Records provided Block Start

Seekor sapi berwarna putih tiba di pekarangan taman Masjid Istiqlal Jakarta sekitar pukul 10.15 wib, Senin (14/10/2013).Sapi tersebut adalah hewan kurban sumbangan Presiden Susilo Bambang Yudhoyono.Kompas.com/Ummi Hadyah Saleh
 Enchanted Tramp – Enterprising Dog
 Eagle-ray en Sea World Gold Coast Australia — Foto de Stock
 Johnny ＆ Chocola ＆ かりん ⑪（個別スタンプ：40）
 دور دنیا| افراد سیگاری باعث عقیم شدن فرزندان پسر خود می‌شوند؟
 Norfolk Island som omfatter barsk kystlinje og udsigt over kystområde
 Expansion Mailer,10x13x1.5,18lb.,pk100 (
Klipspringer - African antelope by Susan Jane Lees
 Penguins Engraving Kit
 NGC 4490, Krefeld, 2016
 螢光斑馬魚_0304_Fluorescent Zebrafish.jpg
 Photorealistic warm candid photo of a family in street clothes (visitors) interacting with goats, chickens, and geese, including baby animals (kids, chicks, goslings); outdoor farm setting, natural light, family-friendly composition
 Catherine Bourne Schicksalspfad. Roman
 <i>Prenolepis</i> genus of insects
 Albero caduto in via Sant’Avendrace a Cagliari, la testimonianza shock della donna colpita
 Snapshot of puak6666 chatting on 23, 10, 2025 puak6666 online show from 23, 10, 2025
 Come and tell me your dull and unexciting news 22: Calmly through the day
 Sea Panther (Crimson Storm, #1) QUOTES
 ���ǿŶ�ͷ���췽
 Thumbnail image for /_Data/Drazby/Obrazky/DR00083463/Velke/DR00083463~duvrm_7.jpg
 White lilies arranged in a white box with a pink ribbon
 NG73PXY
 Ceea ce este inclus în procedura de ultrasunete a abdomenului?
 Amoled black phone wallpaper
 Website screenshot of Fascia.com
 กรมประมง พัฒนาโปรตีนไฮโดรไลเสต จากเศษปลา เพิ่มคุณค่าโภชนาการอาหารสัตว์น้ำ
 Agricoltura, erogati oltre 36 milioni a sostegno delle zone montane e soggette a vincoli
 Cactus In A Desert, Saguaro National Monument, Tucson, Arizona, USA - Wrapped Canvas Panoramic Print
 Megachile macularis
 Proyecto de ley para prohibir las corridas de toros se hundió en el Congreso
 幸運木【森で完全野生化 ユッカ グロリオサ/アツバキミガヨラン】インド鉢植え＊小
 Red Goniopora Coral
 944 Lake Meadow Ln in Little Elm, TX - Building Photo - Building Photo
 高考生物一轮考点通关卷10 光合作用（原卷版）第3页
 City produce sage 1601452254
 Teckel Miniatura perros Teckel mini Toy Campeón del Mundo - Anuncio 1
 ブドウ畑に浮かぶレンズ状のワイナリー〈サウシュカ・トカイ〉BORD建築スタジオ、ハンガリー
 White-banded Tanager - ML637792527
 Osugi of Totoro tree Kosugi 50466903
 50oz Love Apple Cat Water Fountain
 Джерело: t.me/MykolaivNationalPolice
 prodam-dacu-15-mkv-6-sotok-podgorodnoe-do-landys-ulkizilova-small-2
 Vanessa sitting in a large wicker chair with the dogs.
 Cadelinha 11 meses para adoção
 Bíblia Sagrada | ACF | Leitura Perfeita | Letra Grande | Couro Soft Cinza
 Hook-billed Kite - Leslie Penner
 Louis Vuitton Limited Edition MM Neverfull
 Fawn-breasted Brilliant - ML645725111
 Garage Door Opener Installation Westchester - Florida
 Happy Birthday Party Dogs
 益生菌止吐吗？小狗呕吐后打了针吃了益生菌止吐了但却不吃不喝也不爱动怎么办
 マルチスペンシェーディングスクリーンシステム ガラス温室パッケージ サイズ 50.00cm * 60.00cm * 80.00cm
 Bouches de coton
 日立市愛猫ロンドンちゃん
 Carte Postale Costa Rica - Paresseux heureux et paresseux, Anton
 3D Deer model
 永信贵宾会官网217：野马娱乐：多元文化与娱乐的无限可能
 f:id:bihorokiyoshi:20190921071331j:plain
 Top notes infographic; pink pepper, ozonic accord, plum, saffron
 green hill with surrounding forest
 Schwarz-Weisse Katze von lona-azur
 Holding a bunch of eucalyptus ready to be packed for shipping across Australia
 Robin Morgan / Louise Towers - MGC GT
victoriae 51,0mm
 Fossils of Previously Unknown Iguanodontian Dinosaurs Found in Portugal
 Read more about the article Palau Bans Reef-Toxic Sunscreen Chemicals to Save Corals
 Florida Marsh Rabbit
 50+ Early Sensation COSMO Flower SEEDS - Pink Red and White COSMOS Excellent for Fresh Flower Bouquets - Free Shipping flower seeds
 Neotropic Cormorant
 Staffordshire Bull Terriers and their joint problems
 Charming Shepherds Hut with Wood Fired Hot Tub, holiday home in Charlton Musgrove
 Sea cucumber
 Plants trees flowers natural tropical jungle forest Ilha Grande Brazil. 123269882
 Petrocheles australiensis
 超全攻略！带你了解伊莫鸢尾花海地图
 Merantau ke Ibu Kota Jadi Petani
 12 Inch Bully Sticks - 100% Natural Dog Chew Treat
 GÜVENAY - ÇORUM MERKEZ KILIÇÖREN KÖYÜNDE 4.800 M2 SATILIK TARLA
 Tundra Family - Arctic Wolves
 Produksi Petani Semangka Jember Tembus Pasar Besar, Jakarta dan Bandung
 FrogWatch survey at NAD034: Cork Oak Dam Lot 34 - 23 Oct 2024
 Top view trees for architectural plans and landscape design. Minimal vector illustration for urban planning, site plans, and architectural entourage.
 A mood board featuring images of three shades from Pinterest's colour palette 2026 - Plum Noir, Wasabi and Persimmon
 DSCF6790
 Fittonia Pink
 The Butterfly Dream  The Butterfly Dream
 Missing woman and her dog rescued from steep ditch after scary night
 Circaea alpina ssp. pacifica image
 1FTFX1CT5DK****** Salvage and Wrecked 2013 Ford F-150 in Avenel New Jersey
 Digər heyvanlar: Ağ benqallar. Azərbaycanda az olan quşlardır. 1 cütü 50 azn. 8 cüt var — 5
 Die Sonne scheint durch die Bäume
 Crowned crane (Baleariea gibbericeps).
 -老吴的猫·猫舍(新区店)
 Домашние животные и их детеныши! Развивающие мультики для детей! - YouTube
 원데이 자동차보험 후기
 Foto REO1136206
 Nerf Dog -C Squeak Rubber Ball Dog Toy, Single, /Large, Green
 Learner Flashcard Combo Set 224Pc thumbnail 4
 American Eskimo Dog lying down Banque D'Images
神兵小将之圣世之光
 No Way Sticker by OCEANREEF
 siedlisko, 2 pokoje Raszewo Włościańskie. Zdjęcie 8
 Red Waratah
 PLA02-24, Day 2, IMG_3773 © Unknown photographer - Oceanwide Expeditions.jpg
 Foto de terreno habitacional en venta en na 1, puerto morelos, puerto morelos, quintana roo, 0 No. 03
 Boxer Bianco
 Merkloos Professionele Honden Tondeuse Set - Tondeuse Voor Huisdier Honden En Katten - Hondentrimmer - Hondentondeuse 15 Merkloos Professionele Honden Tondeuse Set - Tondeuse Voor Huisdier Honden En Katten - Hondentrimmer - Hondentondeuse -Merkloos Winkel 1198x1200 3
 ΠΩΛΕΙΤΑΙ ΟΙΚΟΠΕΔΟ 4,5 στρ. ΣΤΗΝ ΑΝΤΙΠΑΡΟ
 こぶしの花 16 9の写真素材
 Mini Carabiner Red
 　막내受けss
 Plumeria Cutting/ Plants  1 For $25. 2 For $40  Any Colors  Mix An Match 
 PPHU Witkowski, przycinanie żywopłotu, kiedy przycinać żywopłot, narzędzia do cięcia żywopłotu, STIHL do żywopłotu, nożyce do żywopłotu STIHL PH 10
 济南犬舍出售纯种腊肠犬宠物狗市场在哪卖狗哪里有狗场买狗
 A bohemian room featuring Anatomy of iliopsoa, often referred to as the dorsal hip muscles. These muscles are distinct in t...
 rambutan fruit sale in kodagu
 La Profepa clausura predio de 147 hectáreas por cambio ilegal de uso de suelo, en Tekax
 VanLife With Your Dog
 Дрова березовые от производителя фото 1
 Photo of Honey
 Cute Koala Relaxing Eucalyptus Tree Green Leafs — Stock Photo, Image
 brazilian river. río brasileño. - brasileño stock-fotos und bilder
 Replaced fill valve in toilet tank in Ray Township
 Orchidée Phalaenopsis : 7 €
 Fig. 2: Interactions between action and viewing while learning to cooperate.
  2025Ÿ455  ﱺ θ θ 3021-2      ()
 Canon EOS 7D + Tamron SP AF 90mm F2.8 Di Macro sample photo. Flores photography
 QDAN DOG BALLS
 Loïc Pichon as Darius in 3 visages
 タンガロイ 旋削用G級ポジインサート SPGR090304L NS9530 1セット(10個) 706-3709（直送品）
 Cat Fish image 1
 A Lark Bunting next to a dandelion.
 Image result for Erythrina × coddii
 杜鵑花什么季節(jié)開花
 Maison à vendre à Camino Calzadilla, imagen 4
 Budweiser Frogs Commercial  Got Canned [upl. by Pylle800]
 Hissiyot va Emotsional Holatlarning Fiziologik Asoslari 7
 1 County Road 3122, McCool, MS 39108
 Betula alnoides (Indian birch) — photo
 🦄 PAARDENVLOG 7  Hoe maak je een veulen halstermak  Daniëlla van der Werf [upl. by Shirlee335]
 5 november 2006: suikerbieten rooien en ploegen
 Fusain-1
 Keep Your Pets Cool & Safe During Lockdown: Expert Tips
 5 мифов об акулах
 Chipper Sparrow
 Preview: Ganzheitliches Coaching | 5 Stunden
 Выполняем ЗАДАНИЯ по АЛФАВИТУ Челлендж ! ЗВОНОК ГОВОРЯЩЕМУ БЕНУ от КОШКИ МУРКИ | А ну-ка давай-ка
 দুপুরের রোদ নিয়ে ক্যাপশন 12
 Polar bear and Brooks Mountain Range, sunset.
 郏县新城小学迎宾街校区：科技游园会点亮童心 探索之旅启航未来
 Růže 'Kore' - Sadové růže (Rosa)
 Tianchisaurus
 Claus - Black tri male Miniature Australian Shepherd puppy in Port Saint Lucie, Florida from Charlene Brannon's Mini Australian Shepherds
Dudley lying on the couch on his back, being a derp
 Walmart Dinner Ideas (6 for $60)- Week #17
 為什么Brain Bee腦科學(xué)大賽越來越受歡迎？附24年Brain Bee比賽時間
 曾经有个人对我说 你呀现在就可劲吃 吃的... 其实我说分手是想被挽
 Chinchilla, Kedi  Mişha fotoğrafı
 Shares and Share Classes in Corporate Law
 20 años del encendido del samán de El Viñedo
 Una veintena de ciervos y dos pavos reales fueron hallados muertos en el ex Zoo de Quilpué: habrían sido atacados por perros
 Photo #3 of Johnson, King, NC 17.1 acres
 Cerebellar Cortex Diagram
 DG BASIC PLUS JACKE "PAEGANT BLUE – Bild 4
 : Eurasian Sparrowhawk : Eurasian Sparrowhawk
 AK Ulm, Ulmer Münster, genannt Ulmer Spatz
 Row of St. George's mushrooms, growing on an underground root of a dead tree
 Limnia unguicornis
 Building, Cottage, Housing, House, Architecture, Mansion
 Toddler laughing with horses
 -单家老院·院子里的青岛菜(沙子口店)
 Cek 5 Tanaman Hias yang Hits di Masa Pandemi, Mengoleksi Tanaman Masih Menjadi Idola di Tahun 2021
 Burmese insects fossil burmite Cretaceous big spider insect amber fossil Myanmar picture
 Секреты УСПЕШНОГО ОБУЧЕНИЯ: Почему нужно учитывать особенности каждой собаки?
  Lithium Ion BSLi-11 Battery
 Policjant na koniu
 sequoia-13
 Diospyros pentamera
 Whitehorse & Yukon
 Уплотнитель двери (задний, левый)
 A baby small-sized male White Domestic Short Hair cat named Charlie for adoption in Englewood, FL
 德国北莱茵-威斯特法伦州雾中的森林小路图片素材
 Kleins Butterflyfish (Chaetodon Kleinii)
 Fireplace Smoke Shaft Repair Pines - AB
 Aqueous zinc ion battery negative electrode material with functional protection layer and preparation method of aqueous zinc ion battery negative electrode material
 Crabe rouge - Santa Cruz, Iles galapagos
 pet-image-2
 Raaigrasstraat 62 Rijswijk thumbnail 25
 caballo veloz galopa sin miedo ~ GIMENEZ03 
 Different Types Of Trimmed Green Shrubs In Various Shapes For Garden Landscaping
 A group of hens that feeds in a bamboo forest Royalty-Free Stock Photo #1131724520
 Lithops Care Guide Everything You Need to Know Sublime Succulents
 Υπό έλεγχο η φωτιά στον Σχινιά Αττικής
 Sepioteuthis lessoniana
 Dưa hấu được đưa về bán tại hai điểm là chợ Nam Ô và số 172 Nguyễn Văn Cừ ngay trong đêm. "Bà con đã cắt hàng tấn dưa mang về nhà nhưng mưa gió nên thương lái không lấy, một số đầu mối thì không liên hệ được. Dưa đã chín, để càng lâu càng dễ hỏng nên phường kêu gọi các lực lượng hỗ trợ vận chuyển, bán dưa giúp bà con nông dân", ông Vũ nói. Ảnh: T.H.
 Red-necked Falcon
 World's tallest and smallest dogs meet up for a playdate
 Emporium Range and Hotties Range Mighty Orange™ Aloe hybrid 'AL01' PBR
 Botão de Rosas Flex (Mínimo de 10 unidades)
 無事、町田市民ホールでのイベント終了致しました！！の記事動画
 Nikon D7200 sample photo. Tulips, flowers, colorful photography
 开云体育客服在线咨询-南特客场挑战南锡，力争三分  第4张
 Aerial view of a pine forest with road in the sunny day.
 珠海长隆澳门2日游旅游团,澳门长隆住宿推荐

Records provided Block End

» **What you will do**
From the first line of the records above down to the line containing "螢光斑馬魚_0304_Fluorescent Zebrafish.jpg", repeat each line exactly as written. Include both of those lines and add nothing.

» **Solution to the problem**
Seekor sapi berwarna putih tiba di pekarangan taman Masjid Istiqlal Jakarta sekitar pukul 10.15 wib, Senin (14/10/2013).Sapi tersebut adalah hewan kurban sumbangan Presiden Susilo Bambang Yudhoyono.Kompas.com/Ummi Hadyah Saleh
 Enchanted Tramp – Enterprising Dog
 Eagle-ray en Sea World Gold Coast Australia — Foto de Stock
 Johnny ＆ Chocola ＆ かりん ⑪（個別スタンプ：40）
 دور دنیا| افراد سیگاری باعث عقیم شدن فرزندان پسر خود می‌شوند؟
 Norfolk Island som omfatter barsk kystlinje og udsigt over kystområde
 Expansion Mailer,10x13x1.5,18lb.,pk100 (
Klipspringer - African antelope by Susan Jane Lees
 Penguins Engraving Kit
 NGC 4490, Krefeld, 2016
 螢光斑馬魚_0304_Fluorescent Zebrafish.jpg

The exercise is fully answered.